Challenges to widespread adoption of standards
Lorraine Foley, CEO, PRSB
As the mercury spiralled, we knew it was going to be a tough week for health and care services, already under pressure from another increase in numbers of people with COVID-19 and the battle to restore services after the last two extraordinary years. It is now widely accepted that there is the potential for challenges such as these to be mitigated, at least to some extent, when all parts of the health and care system can communicate digitally, sharing data and pooling knowledge about each person’s needs and circumstances. The standards we develop at PRSB are all designed to contribute to that goal. But their use on the ground is not yet widespread enough to make the difference that we all believe they can.
The NHS England Transformation Directorate has designed a survey, asking valued stakeholders and organisations for their views on the impediments and blockers to widespread adoption of standards.
I would urge everyone to respond to the NHS England survey. They genuinely want to know what would help and we must all take the opportunity to respond when our views are sought. PRSB has responded already, but the weight of replies and real-life examples will add credibility and substance, helping to ensure the changes needed do finally happen.
The top three messages in our response would be alignment of regulatory regimes to standards, clarifying responsibility for widespread adoption and ensuring developers have all the components they need to implement. But in this piece, I would prefer to focus on two points less often made; recognition of the positive role of system suppliers in the drive for standards and interoperability and secondly, the widespread tendency to focus only on technical standards, rather than the content definition upon which they are based. In my view, both of these problems should be addressed.

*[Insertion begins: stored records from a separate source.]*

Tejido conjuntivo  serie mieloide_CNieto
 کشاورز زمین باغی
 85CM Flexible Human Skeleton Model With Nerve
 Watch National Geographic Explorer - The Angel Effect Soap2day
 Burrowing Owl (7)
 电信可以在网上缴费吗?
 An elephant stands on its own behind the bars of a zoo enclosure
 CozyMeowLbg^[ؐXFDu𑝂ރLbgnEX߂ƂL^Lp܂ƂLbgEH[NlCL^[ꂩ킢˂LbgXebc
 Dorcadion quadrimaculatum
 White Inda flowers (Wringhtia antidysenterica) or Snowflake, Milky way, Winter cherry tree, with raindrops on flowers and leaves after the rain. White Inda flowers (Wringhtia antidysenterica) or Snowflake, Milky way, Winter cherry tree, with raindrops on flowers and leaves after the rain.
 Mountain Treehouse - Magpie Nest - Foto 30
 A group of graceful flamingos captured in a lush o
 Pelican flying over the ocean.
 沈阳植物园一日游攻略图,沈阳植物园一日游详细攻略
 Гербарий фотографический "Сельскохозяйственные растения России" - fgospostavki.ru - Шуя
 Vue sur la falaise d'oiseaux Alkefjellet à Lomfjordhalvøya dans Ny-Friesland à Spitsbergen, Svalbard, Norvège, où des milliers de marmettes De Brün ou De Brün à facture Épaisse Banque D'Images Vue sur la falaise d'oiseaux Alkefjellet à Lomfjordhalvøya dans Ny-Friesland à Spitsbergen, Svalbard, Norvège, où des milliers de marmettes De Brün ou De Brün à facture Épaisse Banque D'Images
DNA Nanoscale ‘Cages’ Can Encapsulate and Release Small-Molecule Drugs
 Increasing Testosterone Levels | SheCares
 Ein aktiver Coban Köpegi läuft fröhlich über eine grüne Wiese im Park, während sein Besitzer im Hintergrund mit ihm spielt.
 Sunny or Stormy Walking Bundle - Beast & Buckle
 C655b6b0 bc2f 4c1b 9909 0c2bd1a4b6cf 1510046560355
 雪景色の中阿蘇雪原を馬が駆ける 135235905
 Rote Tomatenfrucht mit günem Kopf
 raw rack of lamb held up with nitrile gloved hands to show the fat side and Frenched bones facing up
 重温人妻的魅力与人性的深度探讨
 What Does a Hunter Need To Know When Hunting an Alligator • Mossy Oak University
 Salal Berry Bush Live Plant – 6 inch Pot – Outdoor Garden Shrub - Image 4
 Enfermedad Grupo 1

PRSB has always worked closely with system suppliers as an important stakeholder and contributor in developing standards and their widespread adoption. Over the last 18 months, we have also worked more intensively with those suppliers who have signed up for our Standards Partnership Scheme, including working with them to assess their conformance with standards and working jointly with them to make the necessary changes. Our experience is that this is a sector that wants to work with us and do the right thing, but that needs consistency and a long-term view that provides the confidence to invest for the future, including making its systems standards-complaint. The centre, suppliers and standards organisations such as the PRSB need to learn to trust each other and find ways of working that promote (and measure) such trust and mutual respect, with feedback loops, transparency, and accountability. The sooner we learn to do that, the quicker we are likely to achieve our shared aims of standardisation and interoperability.
Secondly, all PRSB standards take as their starting point an agreement, forged in dialogue between people who deliver care, those who receive it and experts in professional records, as to what the content of a typical record should be. That could be a discharge summary, or a referral to a social work team, or the crucial information a person wants to share with their care provider prior to a consultation. Some of this content is in the form of data items, which need to be accurately and consistently recorded and, where appropriate, coded. And the correct protocols need to be developed to enable the record to be shared digitally, and to be accessed from a range of systems. But the starting point is the content; the part that can be read and understood by humans, not only by machines. The technical standards that are necessary to make those records usable and useful are also essential, but often they become the sole focus of discussion. This needs to change. If we want standards to be widely relevant, we need to take a more holistic view and consider all the component parts that are needed to implement as part of the package, from record content to FHIR profiles to APIs, meeting the needs of all with an interest and ongoing concern that the standard is right, not just the technicians.
This is not just a foible. There are solid reasons why this narrow technical focus is a barrier in itself – we need to break this habit if we want the standards to be widely relevant and widely used:
- We need standards that are human-readable and can be easily understood by those that use them – front-line professionals and people – or they will disengage.
- We need standards that evolve and change over time so that users can be confident they are supported and maintained – this requires that the enduring link between defined content and the technical standards that enable it must be maintained or the standards become out of date and start to lose credibility.
- System suppliers need the insight provided by the standards and associated documentation to help them design effective systems and interfaces that work for users.
- Standards define ‘best practice’ in the information required to support a given use – not all of this information may need to ‘flow’ and hence, generating profiles for everything can include redundant effort.
- Technically driven changes in the technical layer are more frequent but often of no relevance to clinical practice. We don’t need to burden non-technical users with frequent changes that do not impact them, and we need to adopt information standards that are consistently used across technology platforms.
Addressing all these issues that impede the adoption of standards is no simple task and PRSB is ready and willing to play our part in moving forward with this agenda, which is central to our work and essential to our broader collective mission of achieving the digital transformation. By participating in the NHS England Transformation Directorate’s survey, you will not only be sharing your valuable professional experience, but also contributing to building a digitally-enabled health and care system, in which standards are commonplace, for better, safer care. Make your voice heard.